### [Brief]
Transcribe the entries exactly as they stand below, passing over any picture.

======== Information provided ========

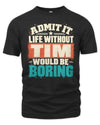 TIM P02-TH11-226 Personalized Admit It Life Without [Name] Would Be Boring T-Shirt - Custom Name Funny Gift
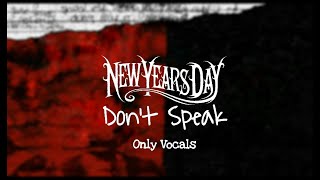 @NewYearsDayBand Don't Speak•Only Vocals•(No Doubt Cover)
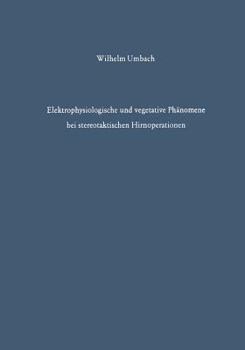 Paperback Elektrophysiologische Und Vegetative Phänomene Bei Stereotaktischen Hirnoperationen [German] Book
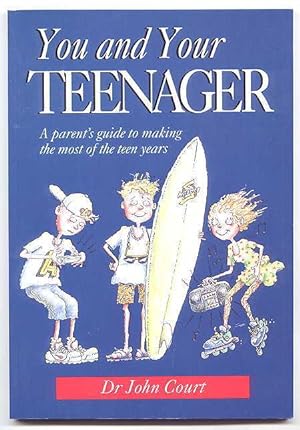 YOU AND YOUR TEENAGER: A PARENT'S GUIDE TO MAKING THE MOST OF THE TEEN YEARS.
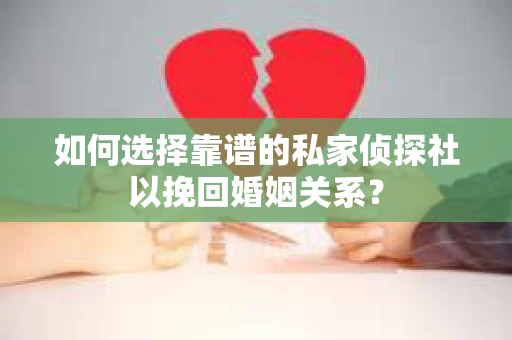 如何选择靠谱的私家侦探社以挽回婚姻关系？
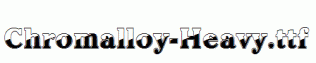 Chromalloy-Heavy.ttf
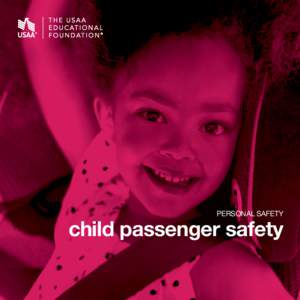 PERSONAL SAFETY  child passenger safety 1  our mission
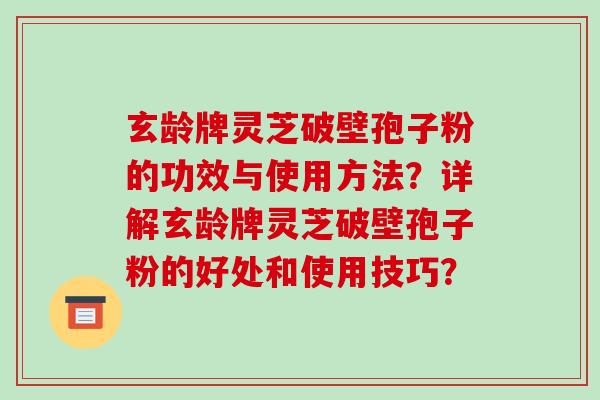 玄龄牌灵芝破壁孢子粉的功效与使用方法？详解玄龄牌灵芝破壁孢子粉的好处和使用技巧？-第1张图片-破壁灵芝孢子粉研究指南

========

### [Written response]
 TIM P02-TH11-226 Personalized Admit It Life Without [Name] Would Be Boring T-Shirt - Custom Name Funny Gift
 @NewYearsDayBand Don't Speak•Only Vocals•(No Doubt Cover)
 Paperback Elektrophysiologische Und Vegetative Phänomene Bei Stereotaktischen Hirnoperationen [German] Book
 YOU AND YOUR TEENAGER: A PARENT'S GUIDE TO MAKING THE MOST OF THE TEEN YEARS.
 如何选择靠谱的私家侦探社以挽回婚姻关系？
 Chromalloy-Heavy.ttf
 PERSONAL SAFETY  child passenger safety 1  our mission
 玄龄牌灵芝破壁孢子粉的功效与使用方法？详解玄龄牌灵芝破壁孢子粉的好处和使用技巧？-第1张图片-破壁灵芝孢子粉研究指南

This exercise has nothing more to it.